‘Worst ever’ WW2 film ever released as fans slam ‘unwatchable’ movie | Films | Entertainment
When Michael Bay’s Pearl Harbor was released in 2001, audiences expected an epic World War II film capturing the heartbreak and heroism of the infamous attack on December 7, 1941.
What they received instead was a sprawling, melodramatic love story masquerading as a war film.
Many fans and critics alike have since labelled it as one of the worst World War II films ever made.
The film follows best friends Rafe McCawley (Ben Affleck) and Danny Walker (Josh Hartnett) as they navigate love, war, and betrayal amidst a fictionalised version of the attack on Pearl Harbor and its aftermath.
At the heart of the story is a love triangle involving Rafe, Danny, and nurse Evelyn Johnson (Kate Beckinsale), whose lives intersect in increasingly contrived and overwrought ways.
Viewers have not held back in their criticism.
One audience member recently took to an online forum lamenting: “I hated that film. It felt more like a romance film that takes place during the war.” Another confirmed: “It’s that bad.”

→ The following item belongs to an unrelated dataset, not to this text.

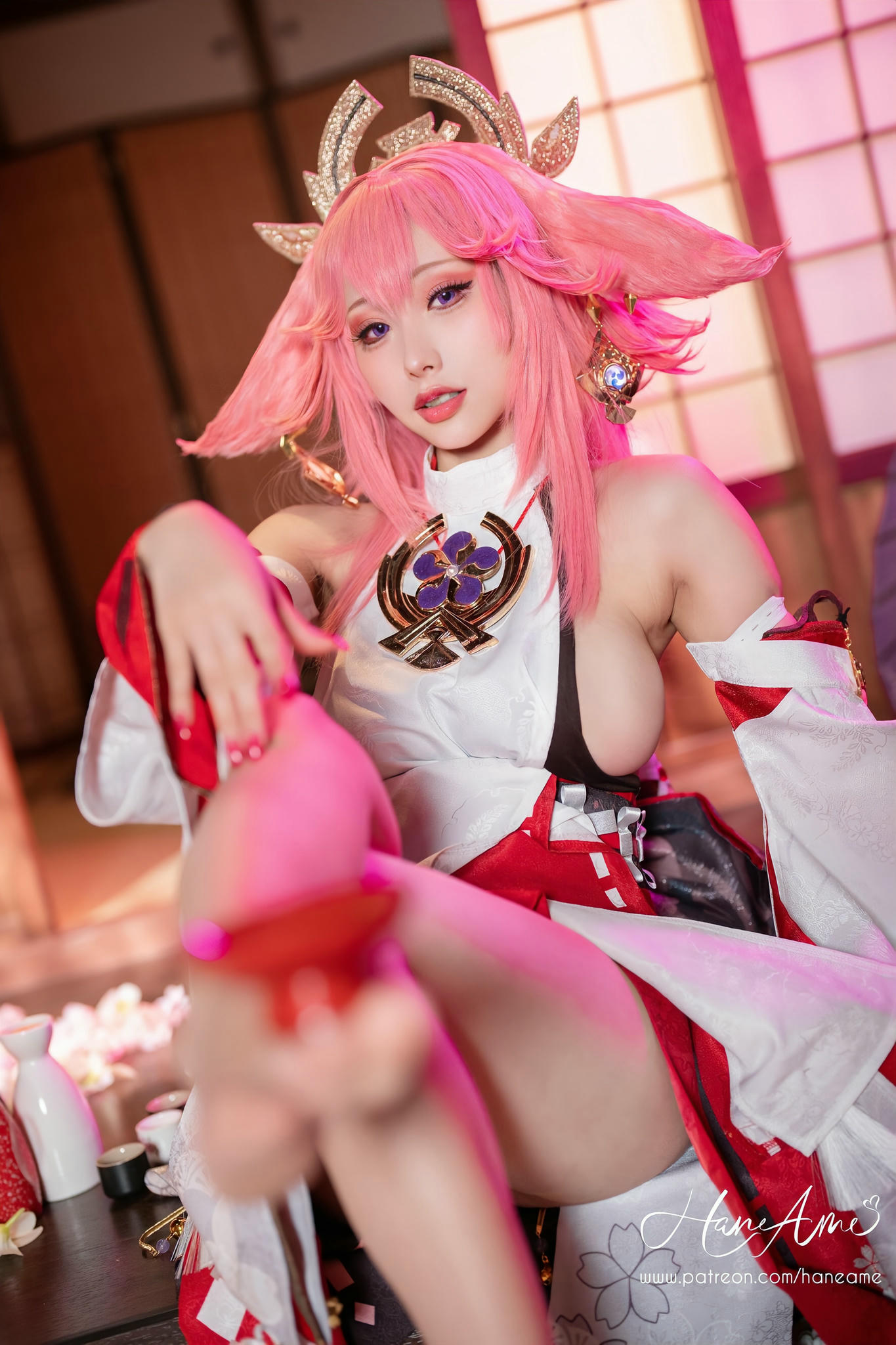 HaneAme雨波 NO.146 原神 八重神子 Yae Miko [34P-81MB]_第1集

Another viewer highlighted the film’s historical inaccuracies, observing: “During the attack scene, you can clearly see warships from the 1970s, flight decks and all, being blown up.”
The pacing of the film also came under fire. “How to fit a 90-minute story into a 150-minute movie,” one viewer quipped, pointing to the bloated runtime that struggles to balance a love story with epic war sequences.
Film critic Roger Ebert also eviscerated the film, stating: “Pearl Harbor is a two-hour movie squeezed into three hours, about how on Dec. 7, 1941, the Japanese staged a surprise attack on an American love triangle. Its centrepiece is 40 minutes of redundant special effects, surrounded by a love story of stunning banality.
“The film has been directed without grace, vision, or originality, and although you may walk out quoting lines of dialog, it will not be because you admire them.”
Ebert’s review reflects the sentiment of many who felt the film prioritised spectacle over substance, squandering its potential as a meaningful war drama.